Common-voice: Too many recordings per user?

Created on 1 Apr 2019 · 11Comments · Source: mozilla/common-voice

Recently a change was made to the validation section to list sentences with the fewest recordings first in order to add more unique sentences for the DeepSpeech model. This has made me more aware of something that could potentially be an issue.

Some users are recording a LOT of sentences. In fact, over the past few days I have validated around 1500-2000 clips and I would estimate around 70% of them were recorded by the same user, all of which were unique sentences.

I’m sure that the DeepSpeech team makes certain that there aren’t too many recordings by a single user, so these sentences will most likely be discarded until there are more recordings available. But if the site shows sentences with the fewest recordings first, it will have to go through the thousands of unrecorded sentences to get to that point again, which may never happen if more sentences keep getting added. And if the validation site shows unique sentences first, it will take even longer to get the new sentence approved.

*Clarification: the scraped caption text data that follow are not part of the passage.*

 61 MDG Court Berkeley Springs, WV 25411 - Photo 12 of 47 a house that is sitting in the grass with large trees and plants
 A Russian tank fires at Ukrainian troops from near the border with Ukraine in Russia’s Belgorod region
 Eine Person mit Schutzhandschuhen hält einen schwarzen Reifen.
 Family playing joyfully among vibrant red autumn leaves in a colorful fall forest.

The DeepSpeech team said they don’t want more than a few hundred recordings from any one user. So a user with 5000 recordings may have prevented 4700 sentences from making it into the model.

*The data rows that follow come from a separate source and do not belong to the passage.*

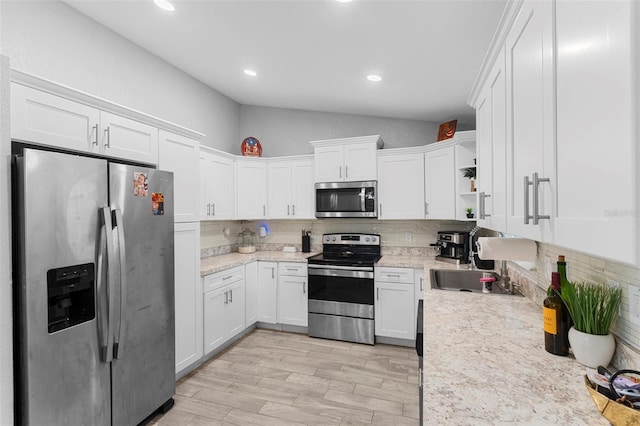 122 Seville Rd, Auburndale, FL 33823 - kitchen with stainless steel appliances, open shelves, backsplash, white cabinets, and recessed lighting
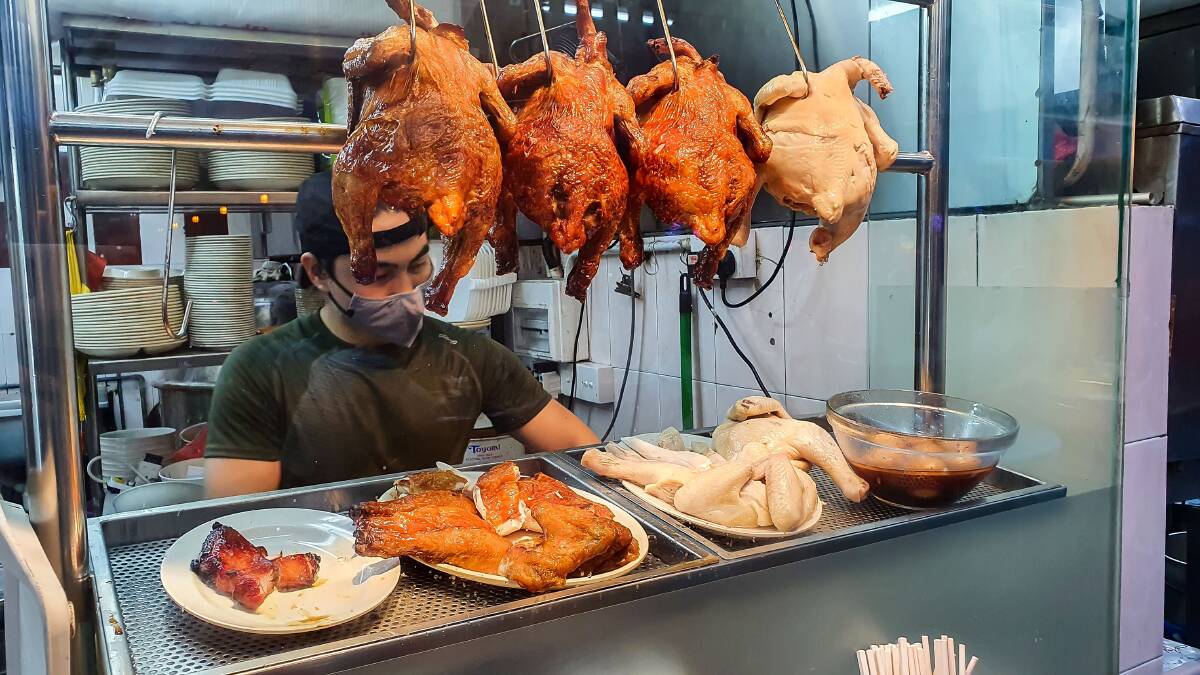 Roast duck and Hainanese chicken for sale in a food court. Picture: Shutterstock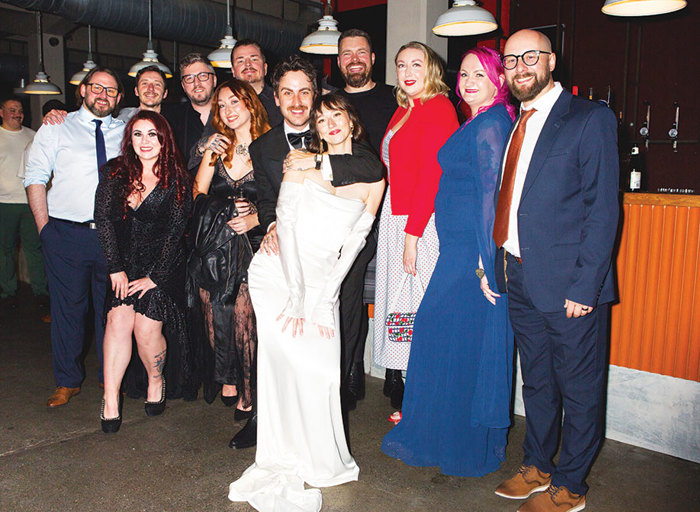 a group of people posing for a photo at a wedding 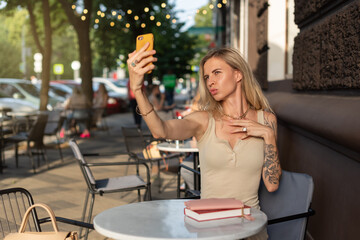 A blonde with a tattoo on her arm sits in a summer cafe and emotionally talks on the phone via video communication. Blogger concept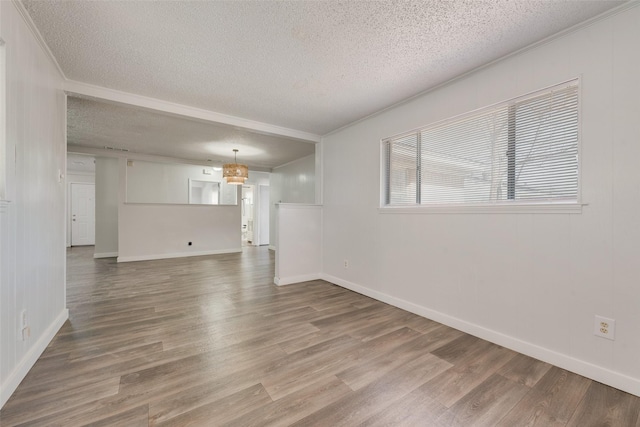 unfurnished room with baseboards, a textured ceiling, ornamental molding, and wood finished floors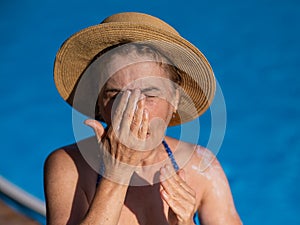Portrait of an older woman applying sunscreen to her face while on vacation.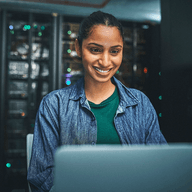 female it technician in a server room and using a laptop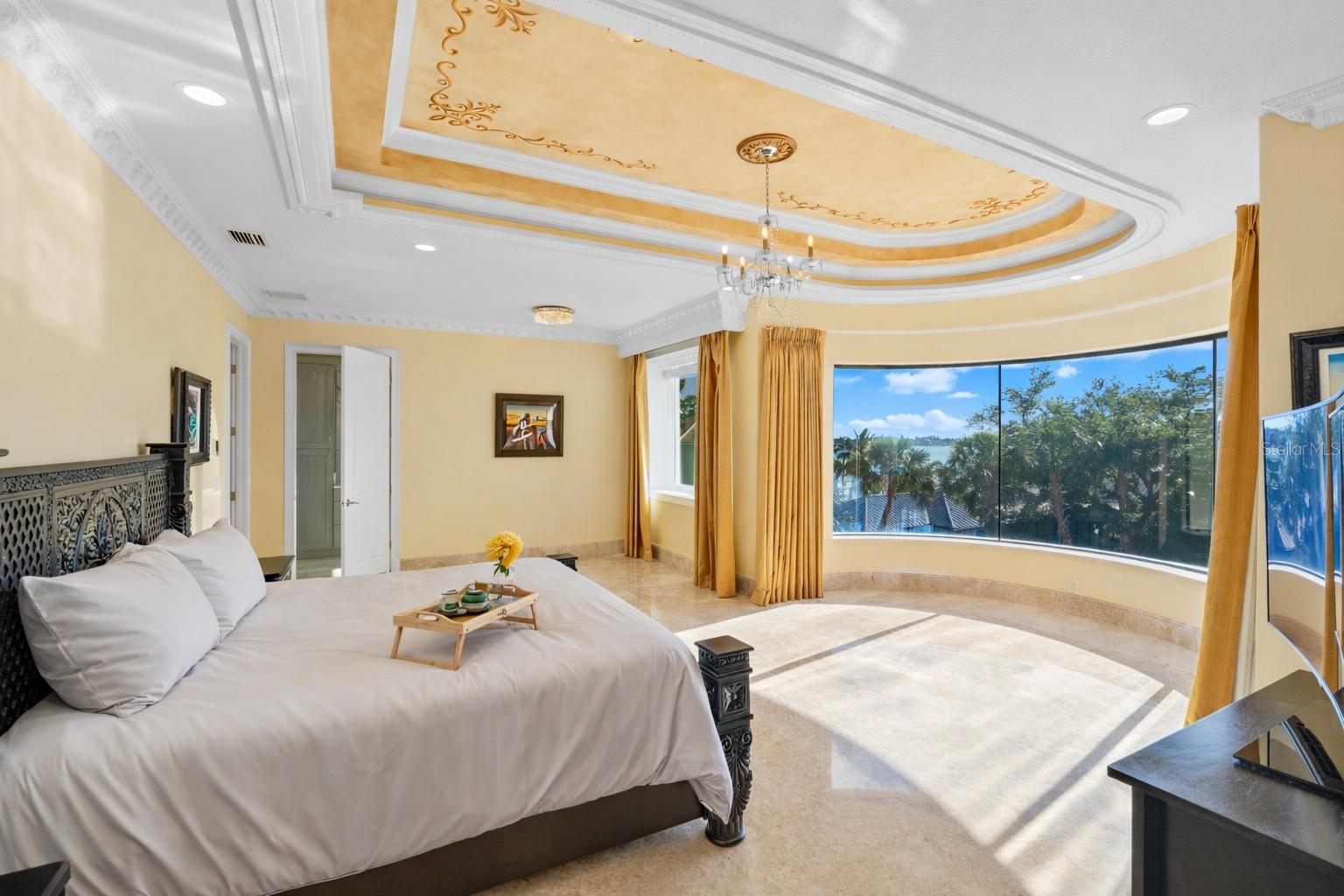 Bedroom 2 on the third level has a curved glass floor to ceiling glass window for endless views of the grounds and water.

So I think the solution to this is either:

Put a hard limit on the total number of recordings users can make or have a daily per-user limit.
Change the algorithm so that each sentence has, say, 3 recordings minimum before it’s given a lower priority in the record queue.
Deprioritize recordings in the validation queue by users who have x number of validated recordings. So we’re prioritizing unique users AND unique sentences.

Investigate

Source

dabinat

👍2

All 11 comments

I agree that there are a variety of problems here. Some more information from the team would be helpful to aid our discussions. What is the DeepSpeech team actually doing with the contributions of users who have made large numbers of recordings? Using them will bias the corpus; not using them results in a lot of volunteer time being wasted. Better guidelines to volunteers as to what is needed and what is not would help considerably.

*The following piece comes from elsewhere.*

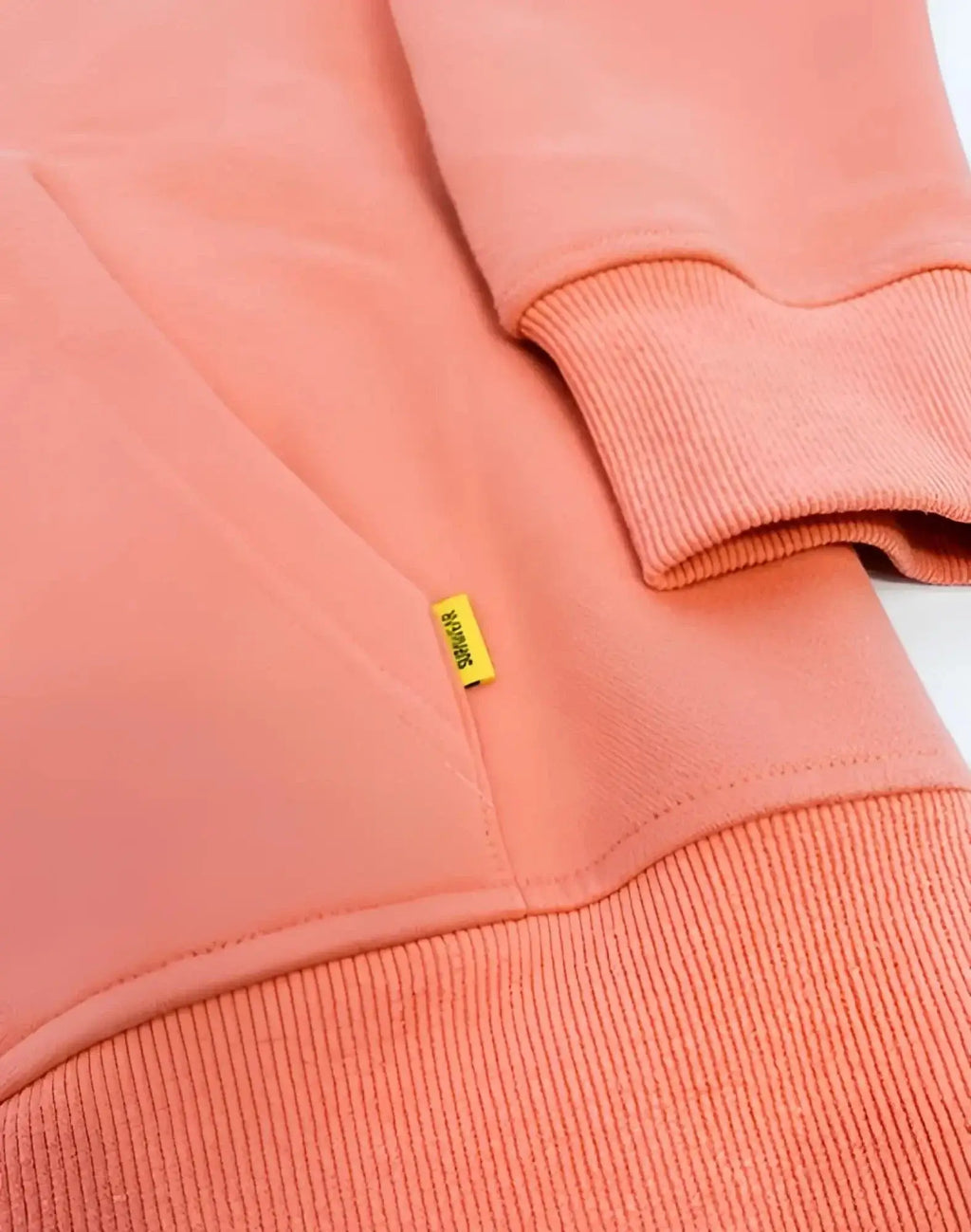 Coral-colored cotton supawear recovery hoodie reboot clay with ribbed cuffs hem and small yellow brand tag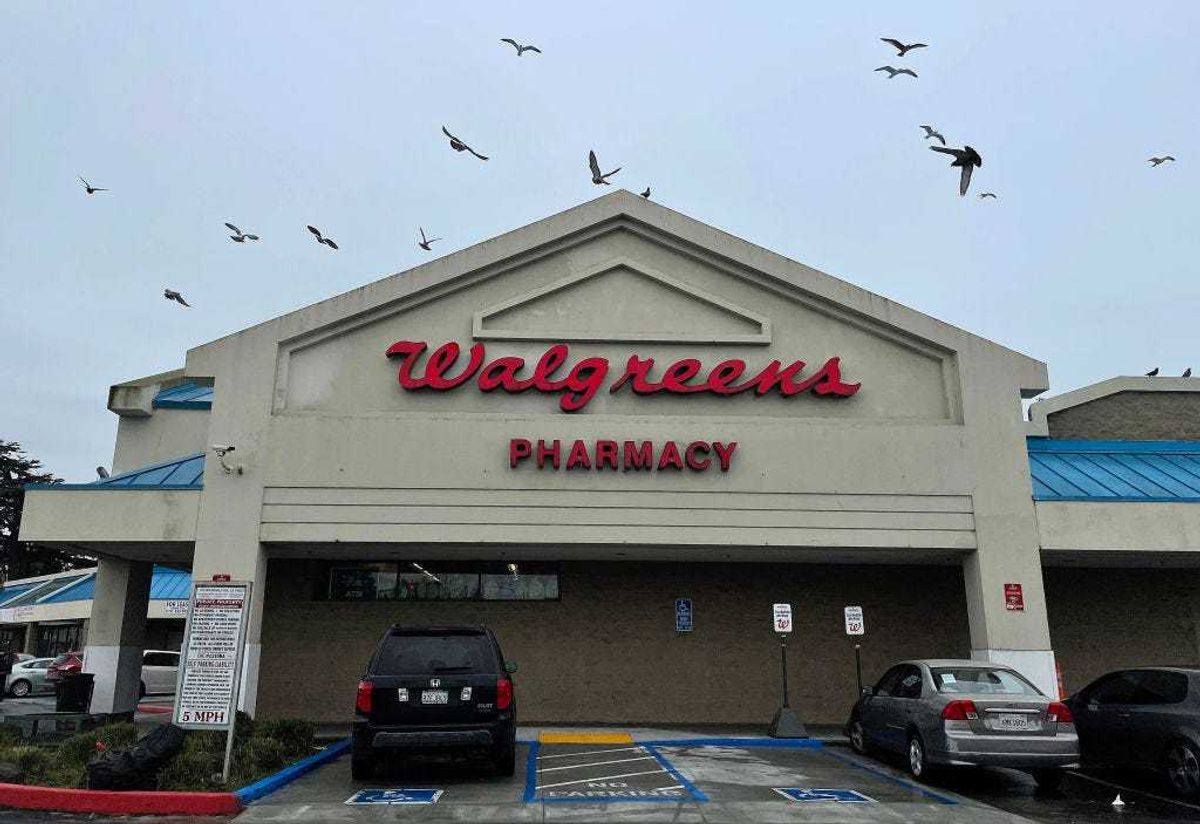 Birds fly by a sign posted on the exterior of a Walgreens store on March 09, 2023 in Richmond, California.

On the question of unique sentences, it's still not clear to me which recordings are used. If a sentence is recorded three times, once in Indian English, once in American English, and once in British English, what happens? Choosing the first recording, or a recording at random, will tend to exclude those who have lower representation within the volunteers. It will particularly tend to perpetuate the low number of female voices.

MichaelNMaggs on 2 Apr 2019

@dabinat I'm not sure I understand your statement of the problem. Let me start here...

You state "...so these sentences will most likely be discarded until there are more recordings available..." what do you mean by "discarded"? I'm not sure your definition reflects what is actually occurring.
You state "...But if the site shows sentences with the fewest recordings first, it will have to go through the thousands of unrecorded sentences to get to that point again..." What do you mean by "that point again"?
You state "...And if the validation site shows unique sentences first, it will take even longer to get the new sentence approved." What do you mean by "unique"? I don't think you mean unique. All the sentences are unique.

There are many other question I have about your issue, but lets start there.

kdavis-mozilla on 3 Apr 2019

Ok, I’ll try to explain it another way.

The recording view displays sentences with the fewest recordings first. So it will always prioritize sentences with 0 recordings first.

Let’s say I record a sentence that has no prior recordings and my recording gets approved by validators. The number of recordings for that sentence is now 1.

This is the 2000th recording I have made (we’ll assume all 2000 were approved). Obviously you’re not going to use all 2000 recordings because that would bias the model too much, so some of my recordings would not be used to train the model.

But some of those clips that are unused are the only recording of that particular sentence, so that sentence doesn’t get coverage in the model.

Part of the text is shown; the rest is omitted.